EXERCISE GOAL. Leaving the pictures aside, repeat every line below exactly.

(DATA RECORDS Opens)

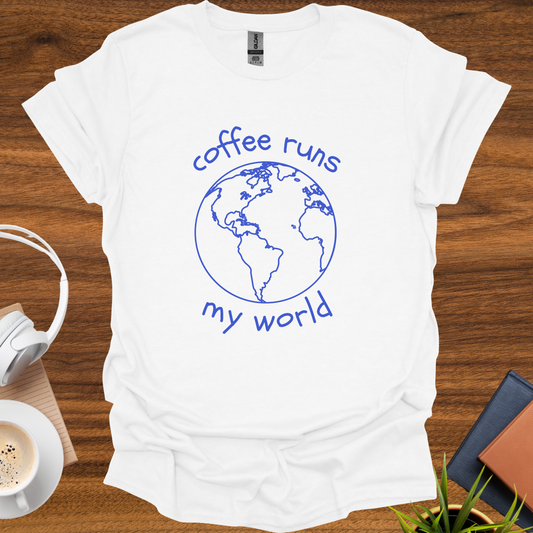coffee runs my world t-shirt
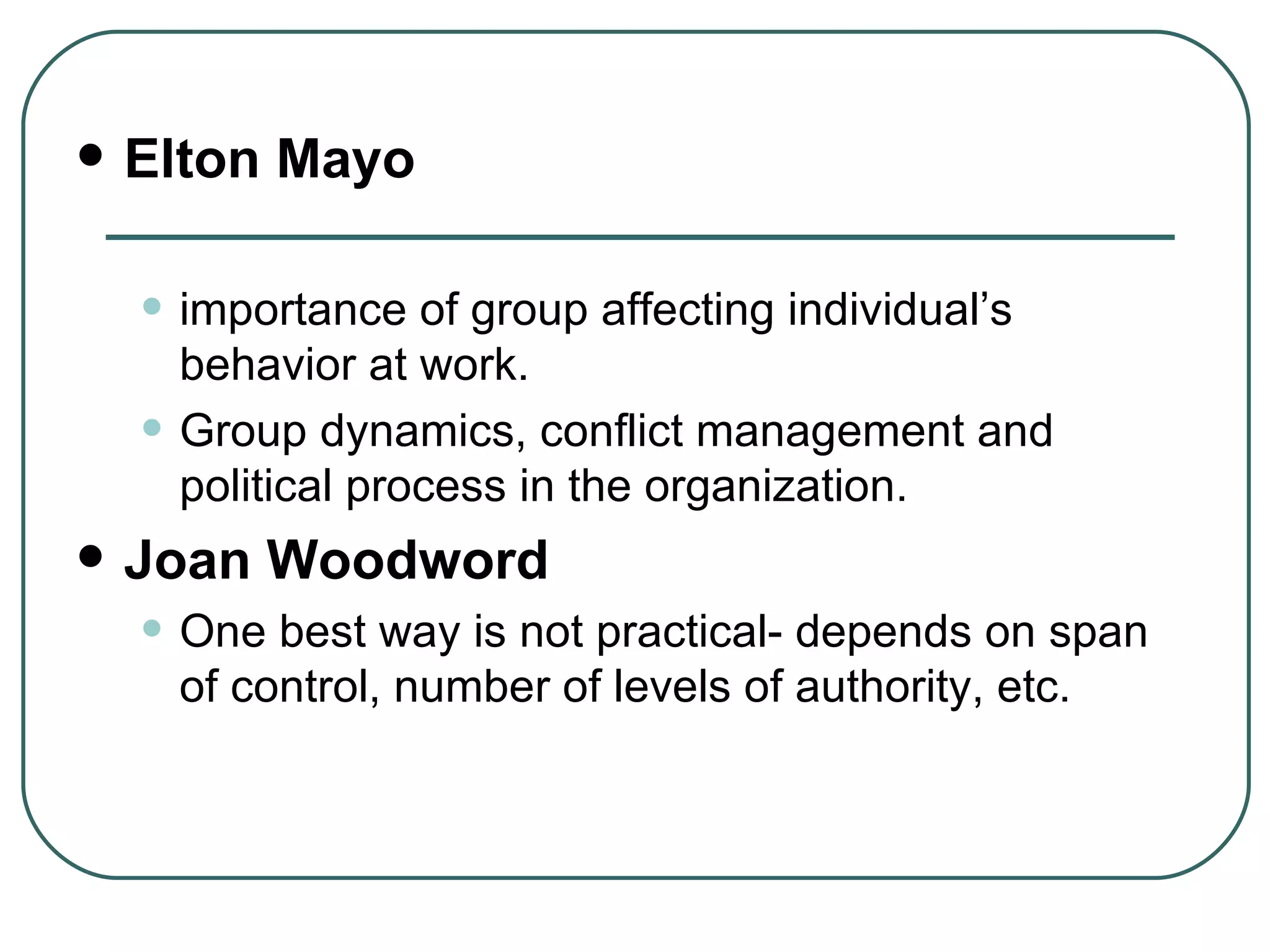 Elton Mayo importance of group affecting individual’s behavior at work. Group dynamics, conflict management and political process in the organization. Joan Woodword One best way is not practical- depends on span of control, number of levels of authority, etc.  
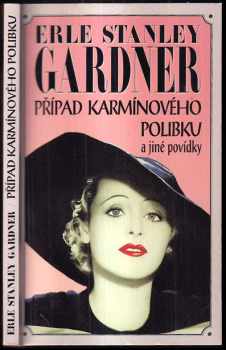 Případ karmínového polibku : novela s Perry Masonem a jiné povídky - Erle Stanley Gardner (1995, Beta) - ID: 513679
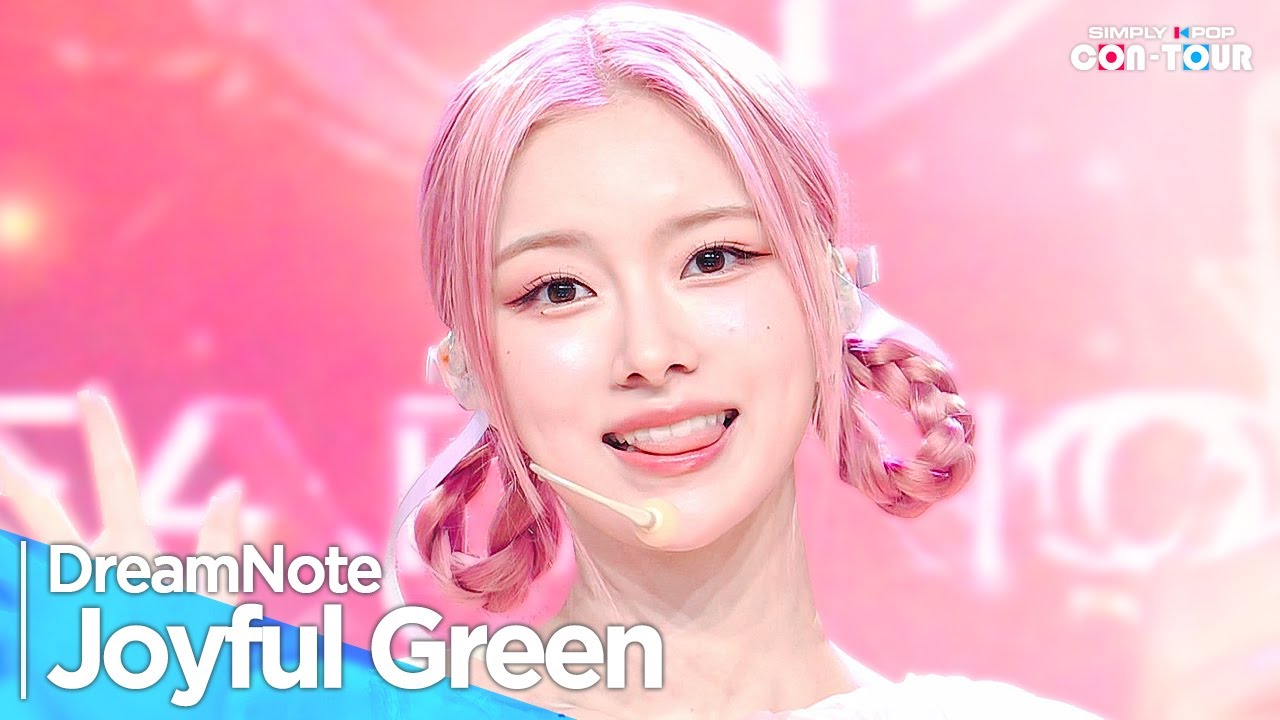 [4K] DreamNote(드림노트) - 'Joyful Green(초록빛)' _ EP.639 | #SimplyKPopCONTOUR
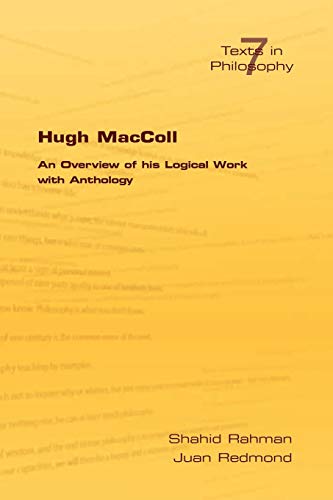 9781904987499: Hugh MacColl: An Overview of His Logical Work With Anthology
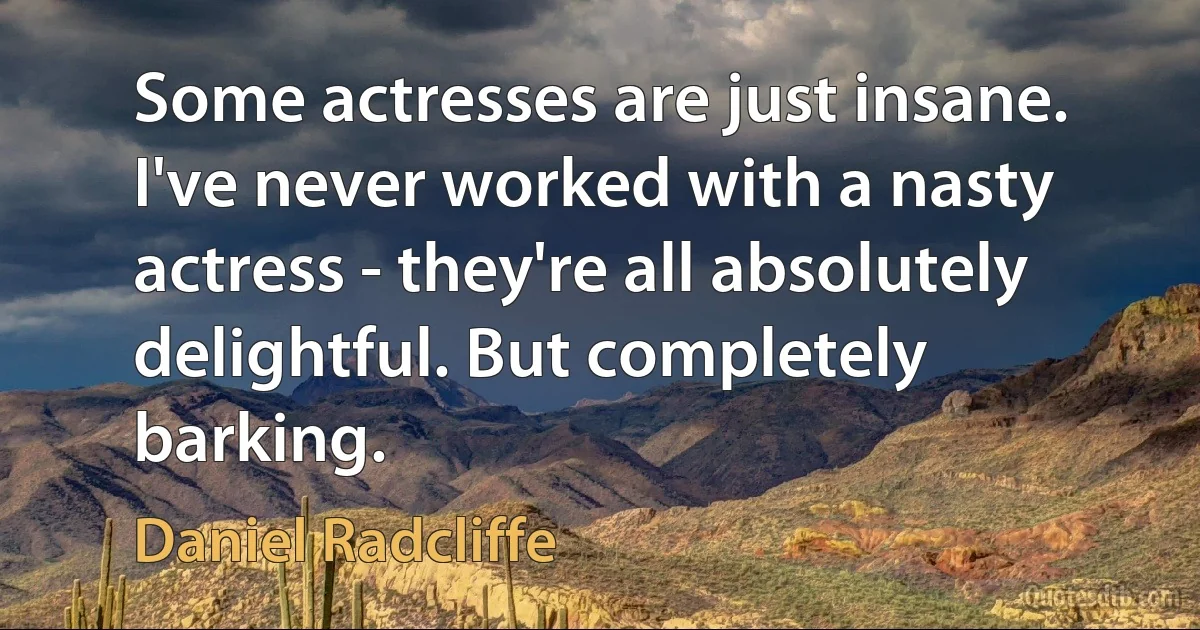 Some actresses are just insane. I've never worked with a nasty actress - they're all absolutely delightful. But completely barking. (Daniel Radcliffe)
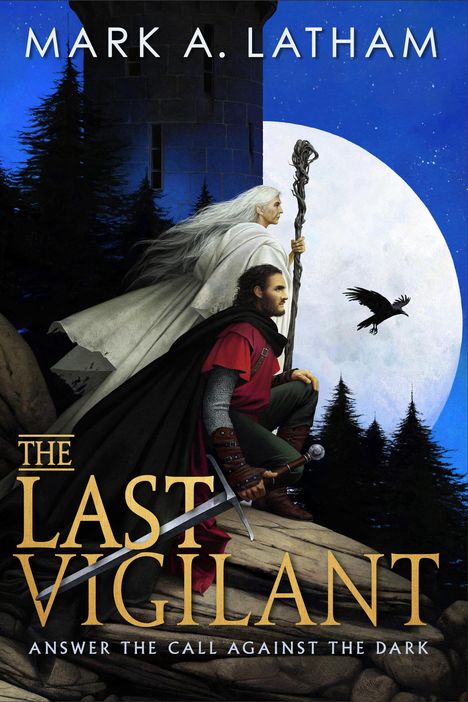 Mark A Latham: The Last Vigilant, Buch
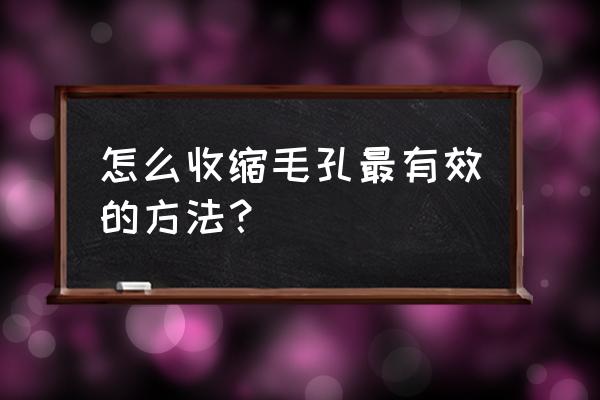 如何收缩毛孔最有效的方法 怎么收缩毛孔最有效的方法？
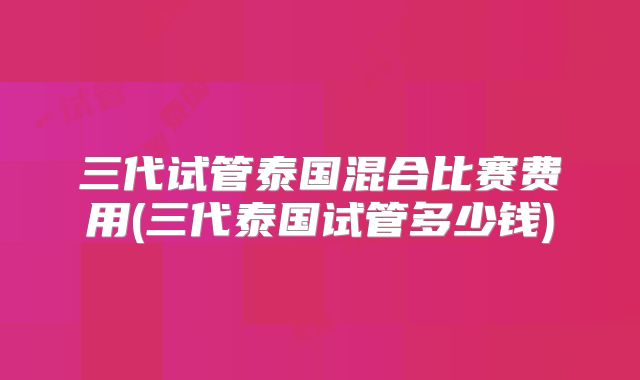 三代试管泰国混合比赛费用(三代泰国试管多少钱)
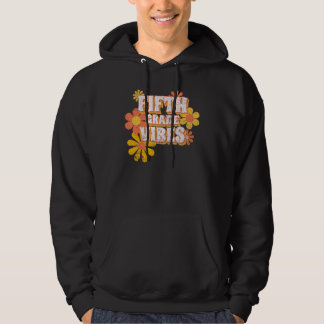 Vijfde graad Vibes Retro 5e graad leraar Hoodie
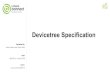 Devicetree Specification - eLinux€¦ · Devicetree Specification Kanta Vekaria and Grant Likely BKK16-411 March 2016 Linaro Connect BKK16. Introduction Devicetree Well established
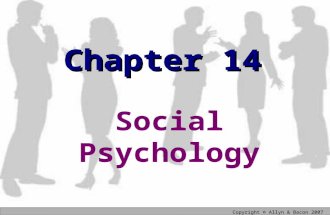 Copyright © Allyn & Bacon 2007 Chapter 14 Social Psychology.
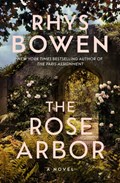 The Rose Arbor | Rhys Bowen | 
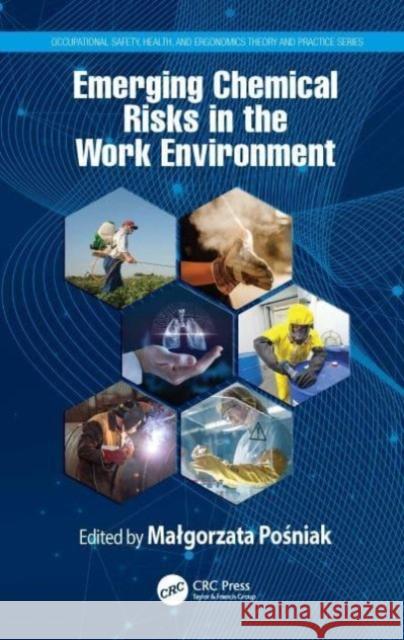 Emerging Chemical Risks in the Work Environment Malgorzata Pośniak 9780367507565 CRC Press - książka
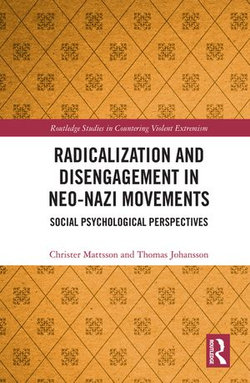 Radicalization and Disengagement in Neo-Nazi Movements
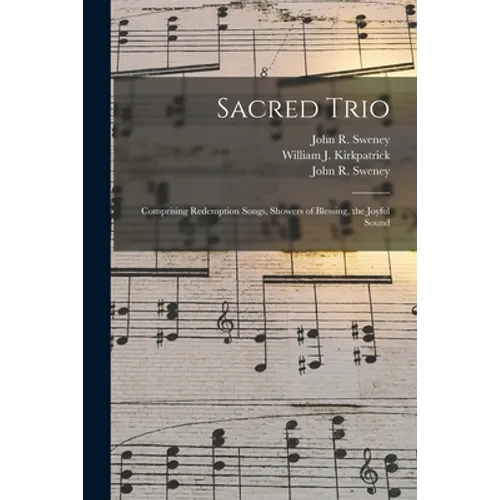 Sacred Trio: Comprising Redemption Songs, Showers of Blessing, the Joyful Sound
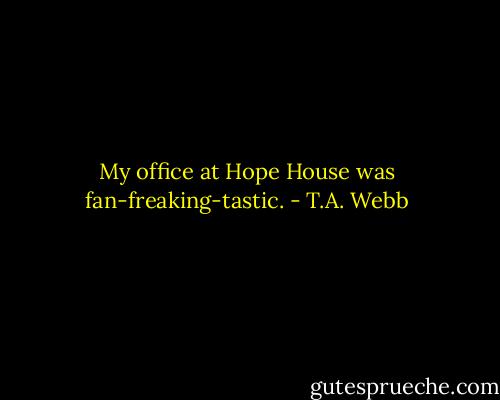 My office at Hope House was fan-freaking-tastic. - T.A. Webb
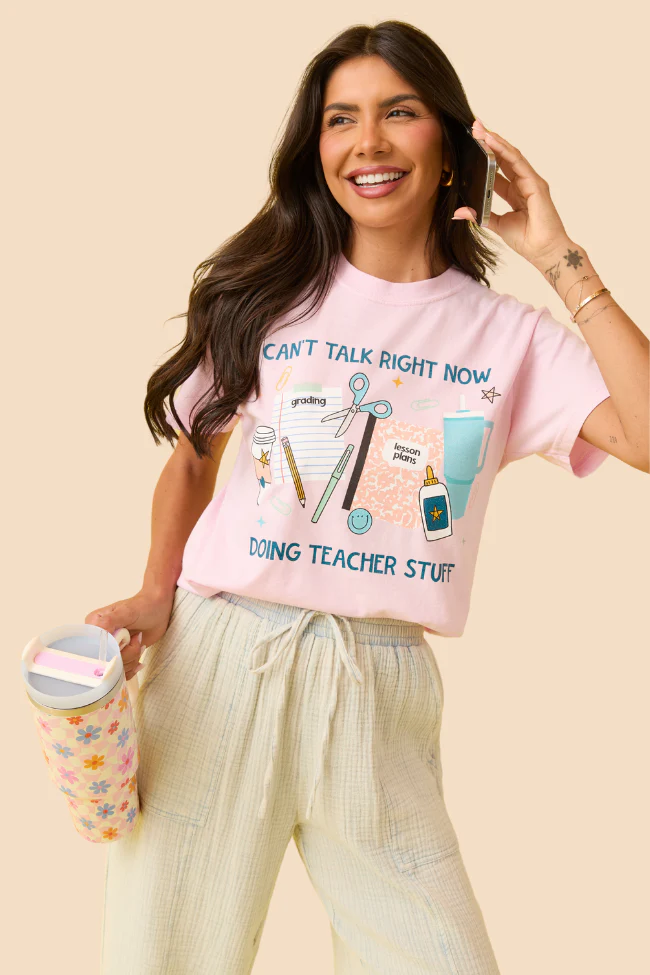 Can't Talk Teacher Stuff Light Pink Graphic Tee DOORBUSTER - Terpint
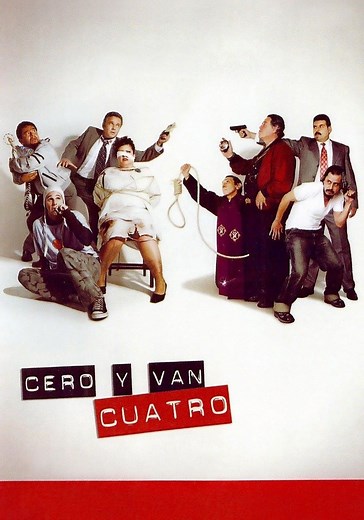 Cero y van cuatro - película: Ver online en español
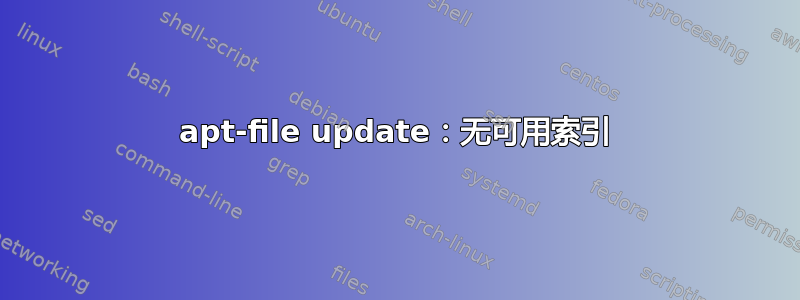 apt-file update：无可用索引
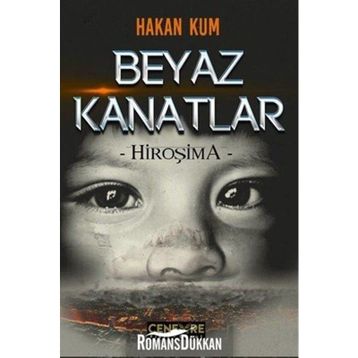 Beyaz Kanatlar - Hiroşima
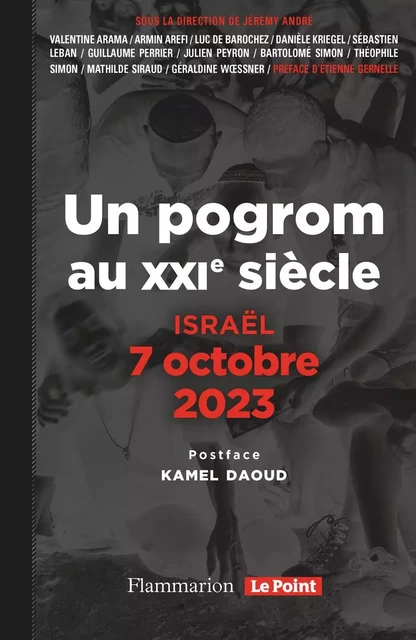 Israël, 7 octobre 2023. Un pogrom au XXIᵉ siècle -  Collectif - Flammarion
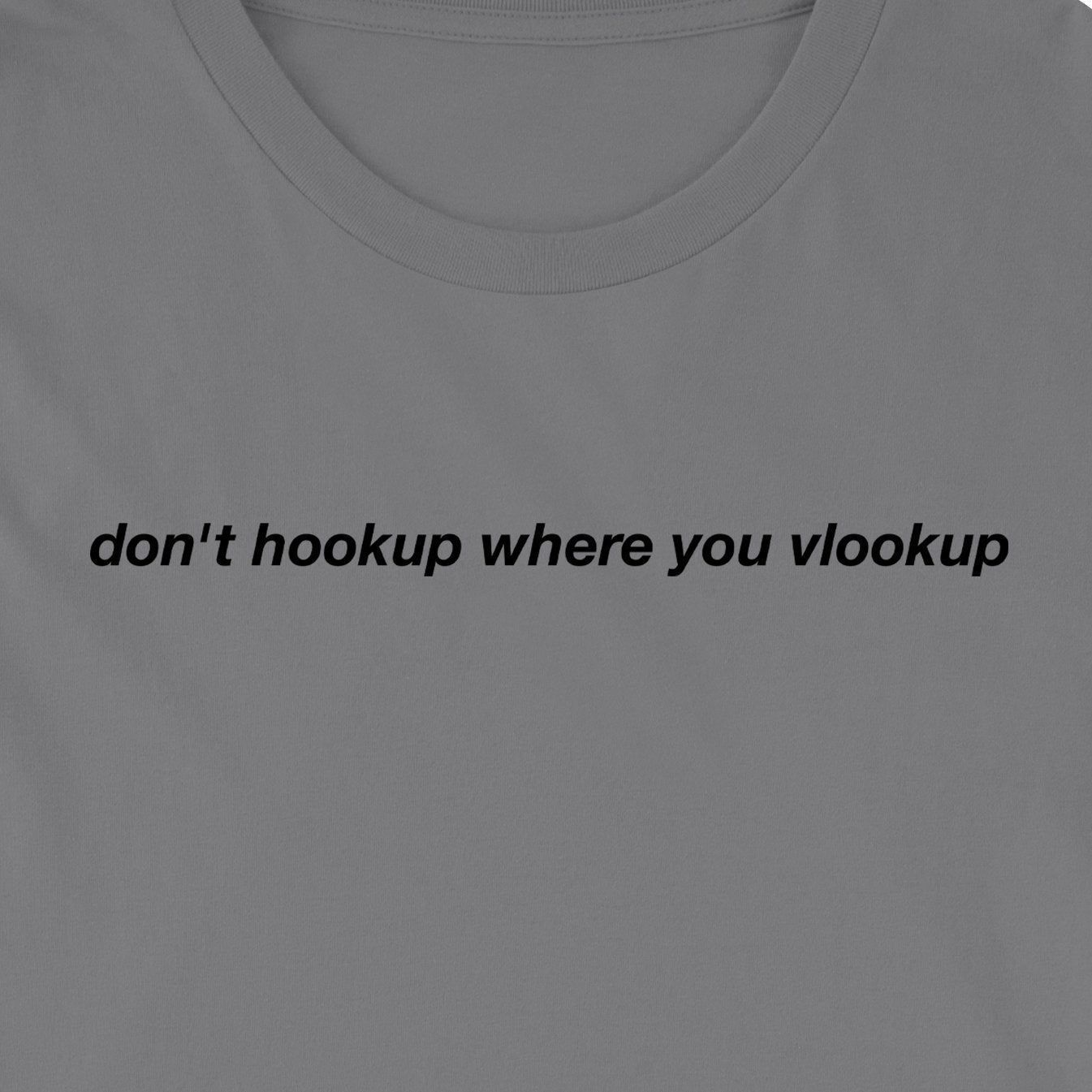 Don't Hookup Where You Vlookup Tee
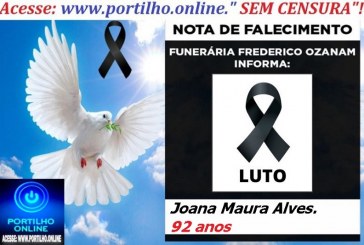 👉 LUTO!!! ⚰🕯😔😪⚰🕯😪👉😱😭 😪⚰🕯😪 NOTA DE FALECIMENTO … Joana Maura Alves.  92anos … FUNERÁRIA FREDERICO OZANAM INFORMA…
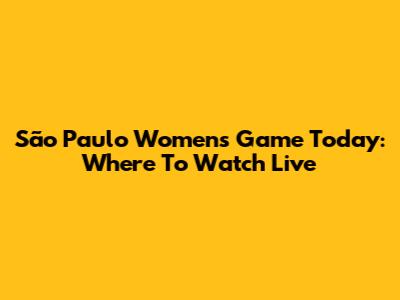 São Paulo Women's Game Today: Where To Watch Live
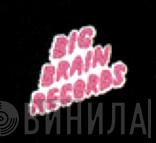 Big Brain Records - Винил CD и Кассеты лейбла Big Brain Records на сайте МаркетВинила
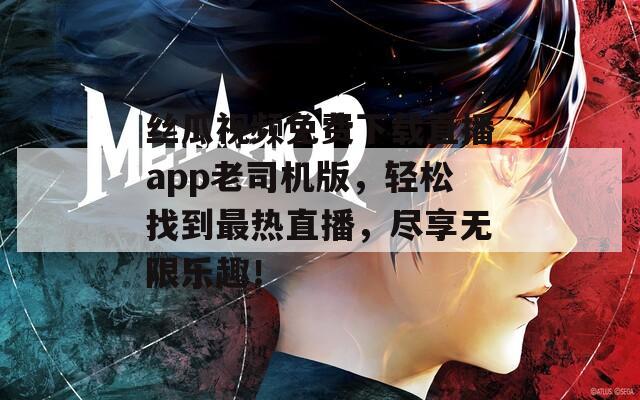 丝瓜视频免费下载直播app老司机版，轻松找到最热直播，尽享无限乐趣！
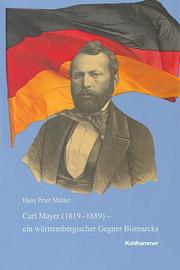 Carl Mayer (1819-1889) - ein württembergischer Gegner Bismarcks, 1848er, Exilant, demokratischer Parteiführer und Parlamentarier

(DATA RECORDS Closes)

ANSWER BELOW.
coffee runs my world t-shirt
 Elton Mayo importance of group affecting individual’s behavior at work. Group dynamics, conflict management and political process in the organization. Joan Woodword One best way is not practical- depends on span of control, number of levels of authority, etc.  
 Případ karmínového polibku : novela s Perry Masonem a jiné povídky - Erle Stanley Gardner (1995, Beta) - ID: 513679
 [4K] DreamNote(드림노트) - 'Joyful Green(초록빛)' _ EP.639 | #SimplyKPopCONTOUR
 9781904987499: Hugh MacColl: An Overview of His Logical Work With Anthology
 Some actresses are just insane. I've never worked with a nasty actress - they're all absolutely delightful. But completely barking. (Daniel Radcliffe)
 Mark A Latham: The Last Vigilant, Buch
 如何收缩毛孔最有效的方法 怎么收缩毛孔最有效的方法？
 三代试管泰国混合比赛费用(三代泰国试管多少钱)
 Vijfde graad Vibes Retro 5e graad leraar Hoodie
 Devicetree Specification - eLinux€¦ · Devicetree Specification Kanta Vekaria and Grant Likely BKK16-411 March 2016 Linaro Connect BKK16. Introduction Devicetree Well established
 Copyright © Allyn & Bacon 2007 Chapter 14 Social Psychology.
 The Rose Arbor | Rhys Bowen | 
 Emerging Chemical Risks in the Work Environment Malgorzata Pośniak 9780367507565 CRC Press - książka
 Radicalization and Disengagement in Neo-Nazi Movements
 Sacred Trio: Comprising Redemption Songs, Showers of Blessing, the Joyful Sound
 My office at Hope House was fan-freaking-tastic. - T.A. Webb
 Can't Talk Teacher Stuff Light Pink Graphic Tee DOORBUSTER - Terpint
 Cero y van cuatro - película: Ver online en español
 apt-file update：无可用索引
 Beyaz Kanatlar - Hiroşima
 Israël, 7 octobre 2023. Un pogrom au XXIᵉ siècle -  Collectif - Flammarion
 Don't Hookup Where You Vlookup Tee
 👉 LUTO!!! ⚰🕯😔😪⚰🕯😪👉😱😭 😪⚰🕯😪 NOTA DE FALECIMENTO … Joana Maura Alves.  92anos … FUNERÁRIA FREDERICO OZANAM INFORMA…
 São Paulo Women's Game Today: Where To Watch Live
 Big Brain Records - Винил CD и Кассеты лейбла Big Brain Records на сайте МаркетВинила
 丝瓜视频免费下载直播app老司机版，轻松找到最热直播，尽享无限乐趣！
 Carl Mayer (1819-1889) - ein württembergischer Gegner Bismarcks, 1848er, Exilant, demokratischer Parteiführer und Parlamentarier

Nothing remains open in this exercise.